After lunch there were dispute-specific panels on Intellectual Property and Mergers & Acquisitions. Professor Jennifer Lightowlers, Dean, of Deakin Law School (two time winner of the prestigious Vis Moot in Vienna) chaired a panel on the arbitration of IP disputes. Cologne-based Dr Rouven Bodenheimer said there was room for the infringement of IP rights to be the subject of a dispute under an investment treaty. Hong Kong’s Winnie Tam SC explained that Hong Kong has enacted legislation dealing with the arbitrability of IP disputes. The next panel saw an interesting session speaking to many different issues in the context of arbitration of Mergers & Acquisitions deals.
L – R: Matthew Gearing QC, Chairperson of the Hong Kong International Arbitration Centre, Caroline Kenny QC, President of CIArb Australia, Brenda Horrigan, President of ACICA, Paula Hodges QC, President of the London Court of International Arbitration, Dr Fuyong Chen, Deputy Secretary-General of Beijing International Arbitration Centre
Andrew McDougall, from White & Case in Paris offered his “top 3” tips for drafting an arbitration agreement. First, pre-arbitral steps should be crystal clear. Secondly, time limits should be reasonable and achievable. Thirdly, the arbitration agreement should include a proper law of the arbitration agreement. Singapore-based Paul Sandosham from Clifford Chance cautioned against choosing one institution to administer another institution’s arbitration rules.
The next session concerned construction & infrastructure disputes, chaired by Sandy Thompson QC. Stephen Hibbert treated the audience to an overview of the Qatar rail – Doha Metro, complete with a short video. Mr Hibbert also shared with us a rather novel feature of an arbitration agreement in that Project which provided that any arbitration would be delayed until the end of the Project, even if the contract was terminated. Frances Williams from Corrs Brisbane considered stop-clock arbitrations to be a worthy process to cut through the inefficiencies of arbitration.
The final session of the day concerned the appointment of arbitrators from an institutional and a corporate perspective. The session was chaired by Professor Doug Jones AO C.Arb FCIArb. Matthew Gearing QC demonstrated that the statistics show that institutions are driving gender/age/racial diversity more than the parties, and that the LCIA, in particular, is leading the charge. The corporate perspective was given by Scheherazade Walter. Ms Walter explained the apparent reluctance on the part of parties: the client is interested in this arbitration. It is not interested in furthering the cause of diversity for the good of arbitration more generally.

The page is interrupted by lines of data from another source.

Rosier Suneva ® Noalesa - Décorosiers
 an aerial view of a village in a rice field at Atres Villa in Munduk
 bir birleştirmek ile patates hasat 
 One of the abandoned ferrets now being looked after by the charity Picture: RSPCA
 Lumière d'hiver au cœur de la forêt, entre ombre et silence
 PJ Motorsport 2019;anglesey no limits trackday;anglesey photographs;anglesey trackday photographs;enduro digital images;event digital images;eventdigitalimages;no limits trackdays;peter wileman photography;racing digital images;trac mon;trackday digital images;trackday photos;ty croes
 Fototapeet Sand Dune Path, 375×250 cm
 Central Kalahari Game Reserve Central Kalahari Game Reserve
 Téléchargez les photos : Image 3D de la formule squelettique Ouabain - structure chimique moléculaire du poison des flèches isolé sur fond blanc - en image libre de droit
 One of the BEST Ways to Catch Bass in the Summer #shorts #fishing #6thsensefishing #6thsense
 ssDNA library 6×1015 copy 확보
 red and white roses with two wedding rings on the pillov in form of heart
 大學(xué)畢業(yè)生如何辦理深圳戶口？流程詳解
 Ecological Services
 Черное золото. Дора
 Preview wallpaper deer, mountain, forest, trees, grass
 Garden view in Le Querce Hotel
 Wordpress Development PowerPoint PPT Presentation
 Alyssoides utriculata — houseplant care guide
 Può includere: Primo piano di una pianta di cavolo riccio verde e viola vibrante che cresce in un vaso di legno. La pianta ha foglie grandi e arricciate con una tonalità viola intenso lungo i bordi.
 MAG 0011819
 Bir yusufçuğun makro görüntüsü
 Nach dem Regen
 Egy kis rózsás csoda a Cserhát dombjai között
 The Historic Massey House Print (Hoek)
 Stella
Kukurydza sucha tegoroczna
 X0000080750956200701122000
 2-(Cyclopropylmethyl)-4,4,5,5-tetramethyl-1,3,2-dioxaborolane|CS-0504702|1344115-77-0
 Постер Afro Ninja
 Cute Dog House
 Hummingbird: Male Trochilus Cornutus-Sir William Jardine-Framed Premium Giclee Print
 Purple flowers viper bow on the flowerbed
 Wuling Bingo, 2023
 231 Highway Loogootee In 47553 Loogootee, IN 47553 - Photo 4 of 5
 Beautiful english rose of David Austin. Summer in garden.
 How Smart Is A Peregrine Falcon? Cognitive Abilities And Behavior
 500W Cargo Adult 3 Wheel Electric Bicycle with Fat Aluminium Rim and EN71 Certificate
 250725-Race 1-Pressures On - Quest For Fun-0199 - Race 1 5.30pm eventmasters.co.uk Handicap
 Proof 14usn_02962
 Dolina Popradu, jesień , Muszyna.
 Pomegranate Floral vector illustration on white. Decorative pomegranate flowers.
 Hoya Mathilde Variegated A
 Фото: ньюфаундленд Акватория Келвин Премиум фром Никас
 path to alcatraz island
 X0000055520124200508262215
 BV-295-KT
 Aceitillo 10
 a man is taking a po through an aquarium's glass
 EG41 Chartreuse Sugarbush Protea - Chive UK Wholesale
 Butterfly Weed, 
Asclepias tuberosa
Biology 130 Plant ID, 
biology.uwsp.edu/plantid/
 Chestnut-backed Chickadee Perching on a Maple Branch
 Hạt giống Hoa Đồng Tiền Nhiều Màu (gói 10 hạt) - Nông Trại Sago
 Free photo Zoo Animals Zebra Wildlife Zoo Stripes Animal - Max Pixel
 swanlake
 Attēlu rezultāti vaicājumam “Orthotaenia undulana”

After the conference the delegates headed pool-side for a cocktail networking reception. The evening ended with a presentation by Queensland Convenor, Dr Shane Monks, of the prize to Jay Tseng who won the CIArb Australia Essay Writing competition.
Dr. Shane Monks, CIArb Australia National Councillor and Jay Tseng, 2019 CIArb Australia Essay Competition Winner
The rest of Arbitration Week was packed with events making this first arbitration week in Brisbane the most well attended one to date.